O parágrafo, assim como em outros momentos do livro, termina sem ponto final, como um pensamento incompleto de Gloria, para que o leitor preencha com suas vivências, se assim o desejar.
Montevidéu aparece como sinônimo de saudade e de exílio. Afirma a protagonista:
"Sempre o mesmo, com cartas da minha mãe, que escrevia para Tita pelo menos a cada quinze dias contando como era morar no novo país, como era a vida no exílio, palavra que não se usava e não se sentia dentro, as dificuldades passando e voltando, essa conversa com a mãe que era tanto mais fluida quanto mais era escrita, até capítulos de telenovela eram narrados e enviados pelo correio, por episódios".
Na viagem de retorno para a capital uruguaia, Gloria vai enfrentar seus traumas, representados na figura de Gaia, a irmã gêmea que morreu com poucas semanas de vida, mas cuja história continua a assombrá-la. É em suas andanças por Montevidéu e pelo interior do Uruguai que a personagem escancara seus medos, descreve a saudade de seu país e resgata, por meio de um relato íntimo, a sua história particular, ajudando o leitor a entender, política e socialmente, aspectos do país vizinho.

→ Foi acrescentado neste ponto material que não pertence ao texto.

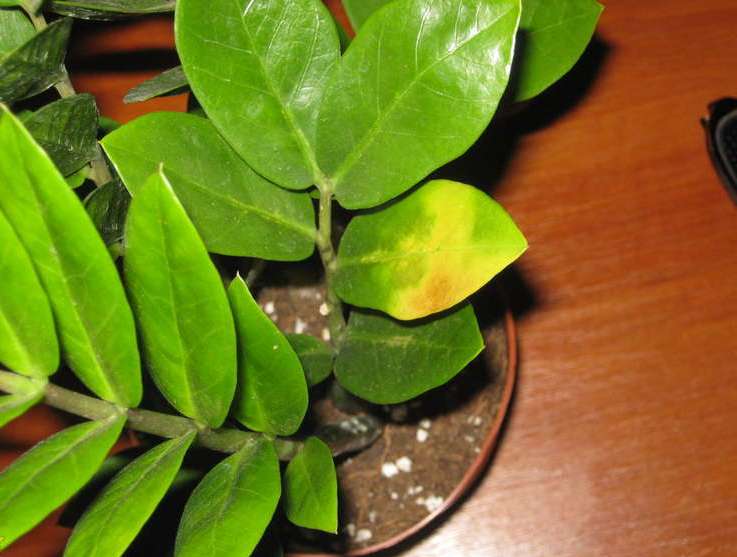 Почему желтеют листья у замиокулькаса: причина и что делать
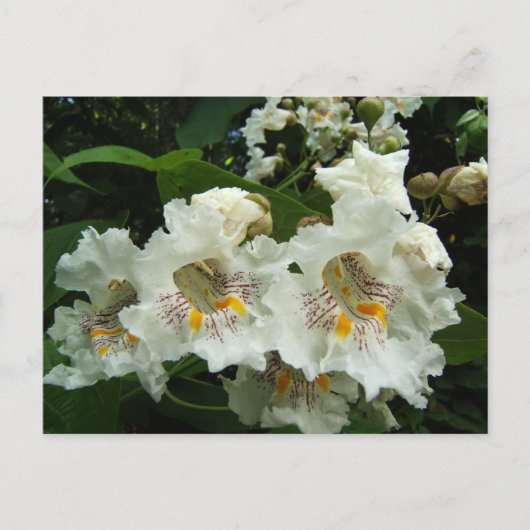 Catalpa blooms ~ briefkaart (Voorkant)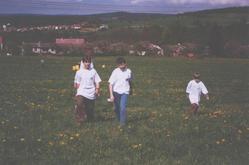 f/60-n.jpg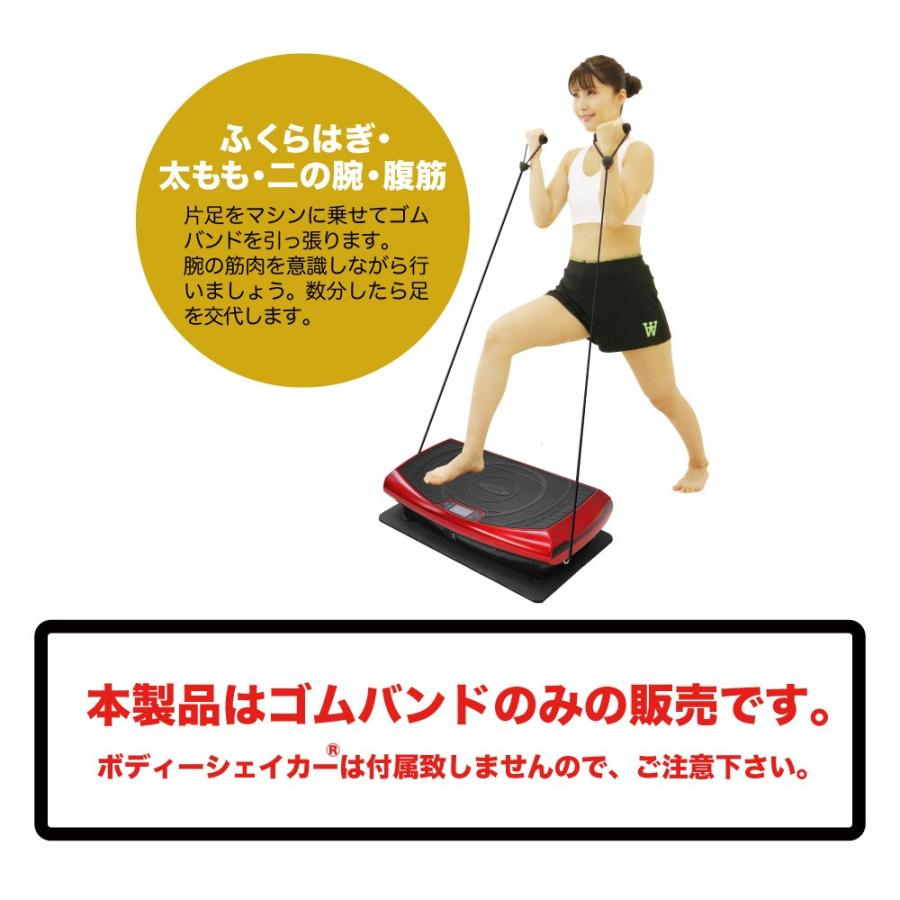 RIORES（リオレス） ブルブル 振動マシン ボディーシェイカーシリーズ
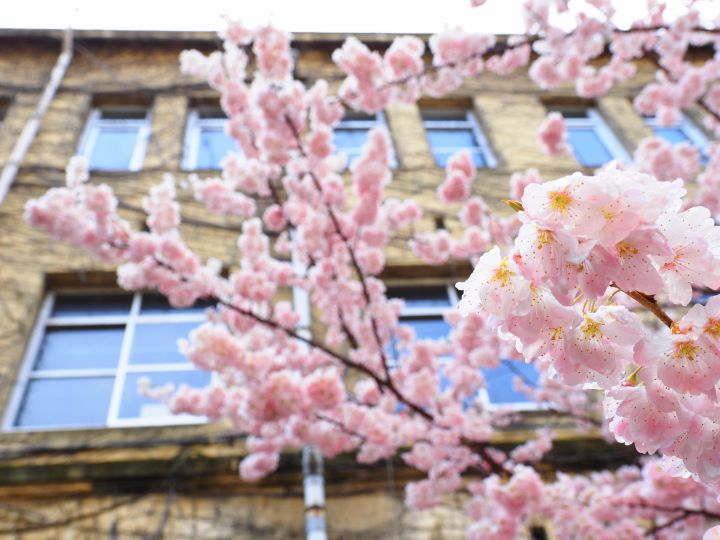 旧成徳中学校の桜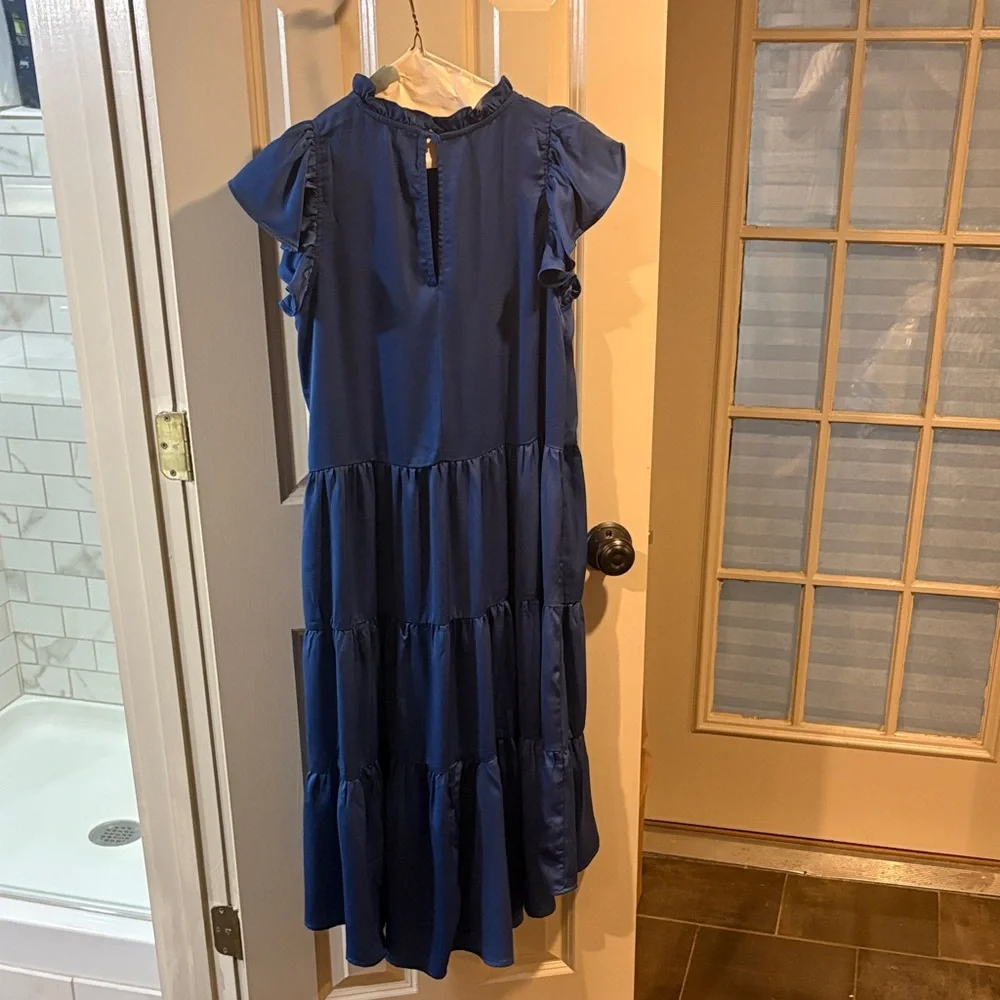 Pinch Blue Ruffled Dress - Picture 3 of 3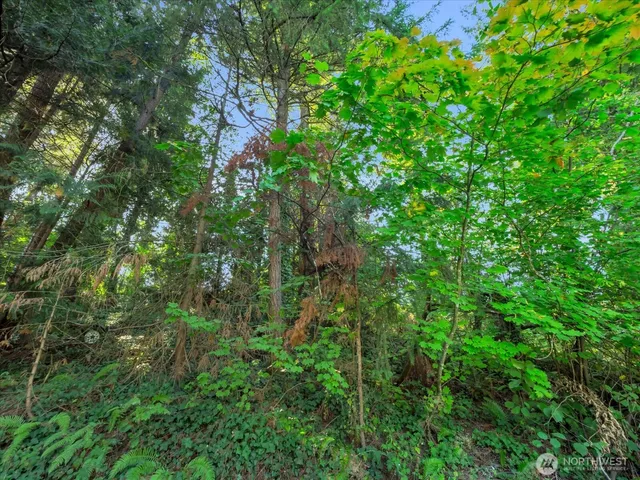 a view of a lush green forest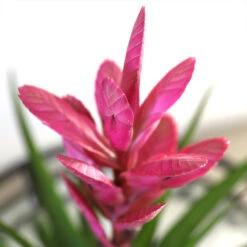5-Inch Bromeliad In Decorative Pot -Evergreen Trees Sales Store Pink Bromiliad 2 e1dd7faf b9f8 429e 84d5 7ce3076db5e3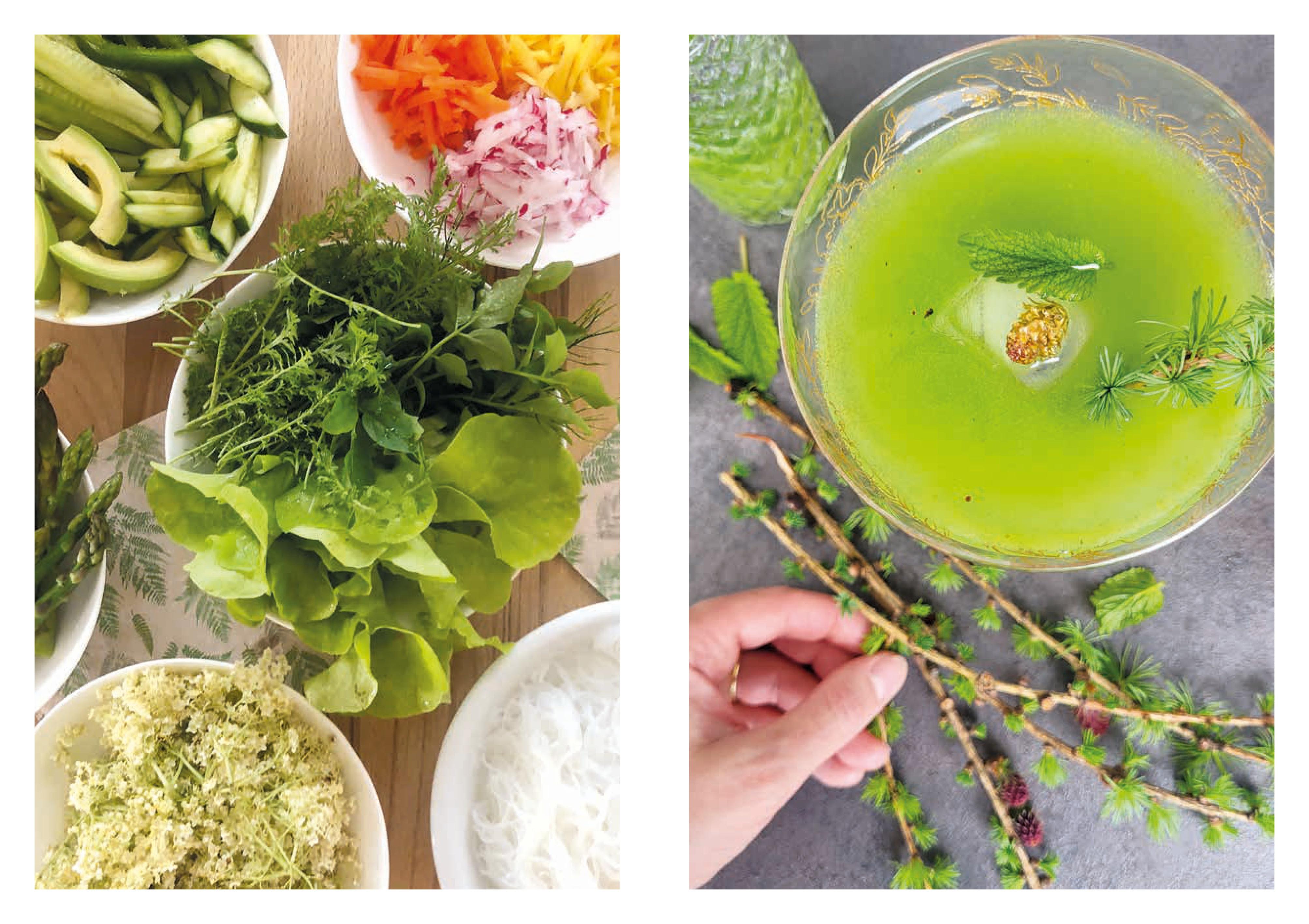 Beispielinhalt (Bild) Alles im Grünen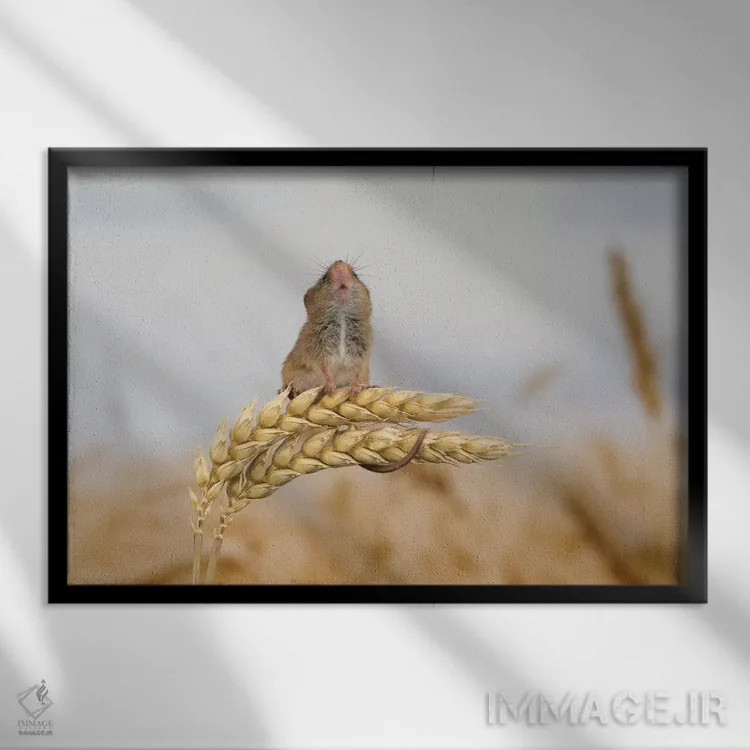 تابلو بروم بالاتر؟ اثر باور میسون - نمای قابدار مشکی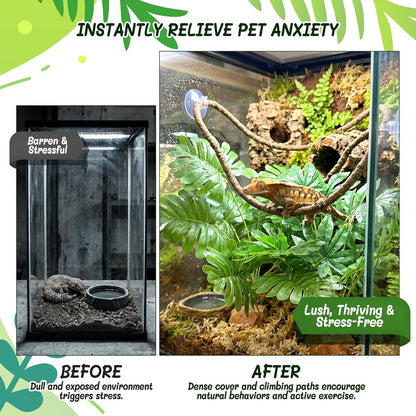 3PC Reptile Terrarium Habitat Decor Kit – Realistic Artificial Reptile Plants with Hanging Vine, Resin Stone Base – Jungle Rainforest Habitat & Climbing for Lizard & Amphibians (Syngonium)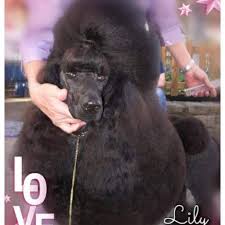 We did not find results for: Mystical Parti Poodles Home Facebook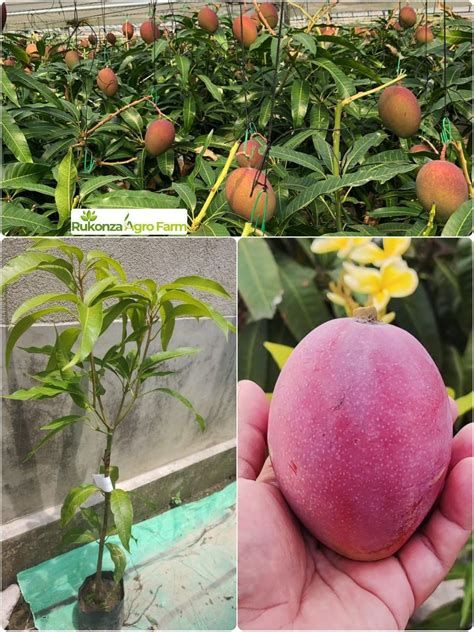 Royal Paradise Gardens Rare Exotic Tropical Fruit Dwarf Thailand Red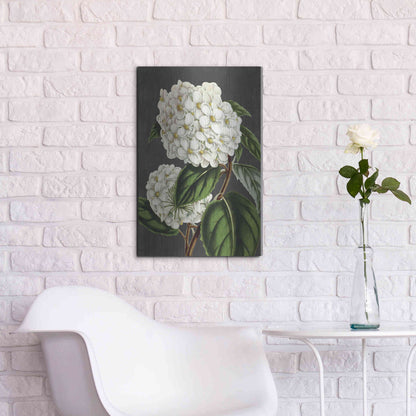 Luxe Metal Art 'Hydrangea' by Lettered & Lined, Metal Wall Art,16x24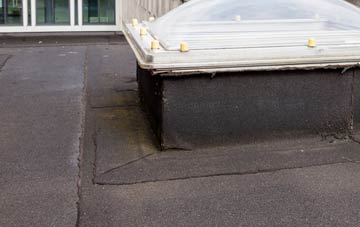 disadvantages of Inverfarigaig flat roofs
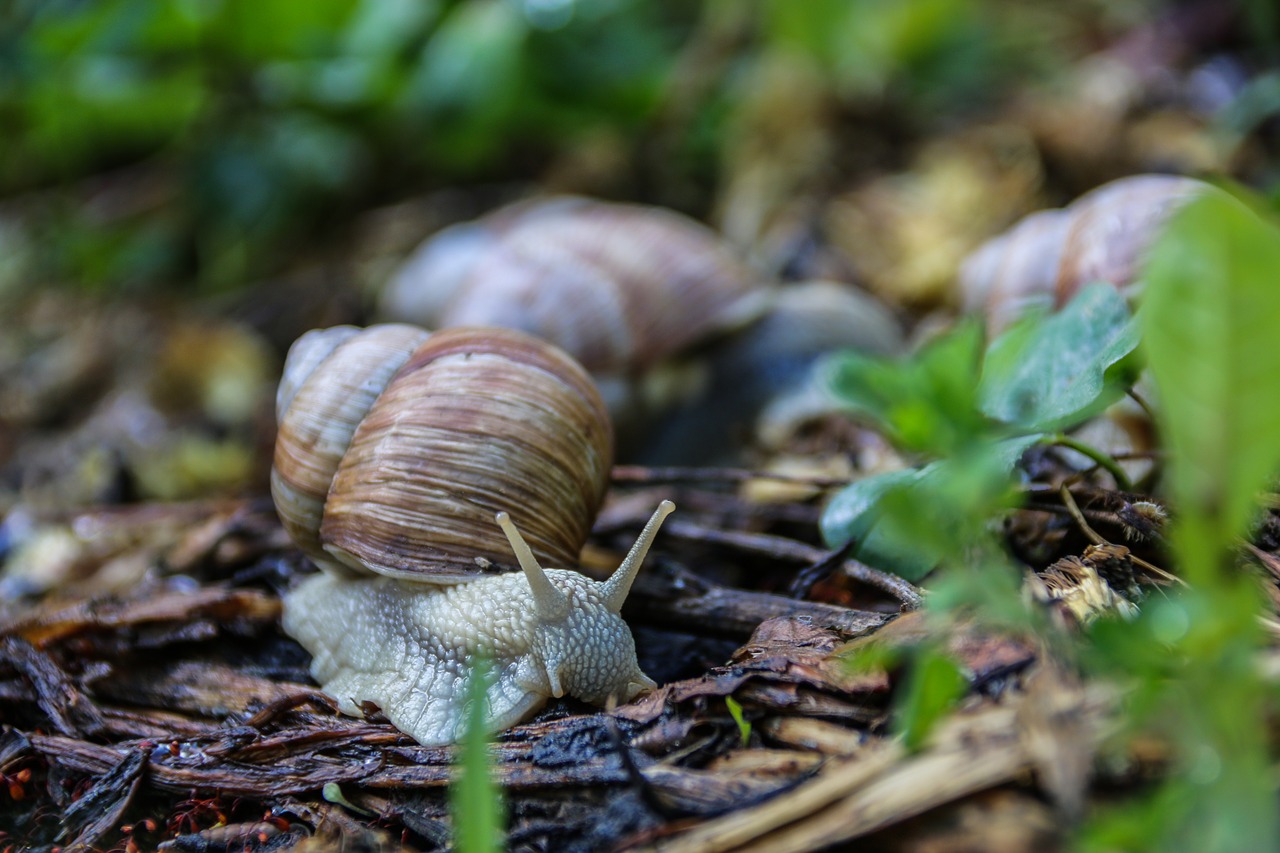 Image - snail worm nature mollusk animal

O Quarto Branco, com a escrita ao mesmo tempo delicada e potente de Gabriela, dialoga com outra obra importante da literatura brasileira contemporânea, A Resistência, de Juliás Fuks, eleito o livro de ficção de 2016 pelo Prêmio Jabuti, que tem também como temas centrais o exílio e as relações familiares de imigrantes e seus descendentes no Brasil. Gabriela apresenta outra faceta desses assuntos, a partir de um olhar feminino, no qual questões como a maternidade ganham relevância.
O QUARTO BRANCO
De Gabriela Aguerre
Editora Todavia, 120 páginas, R$ 49,90.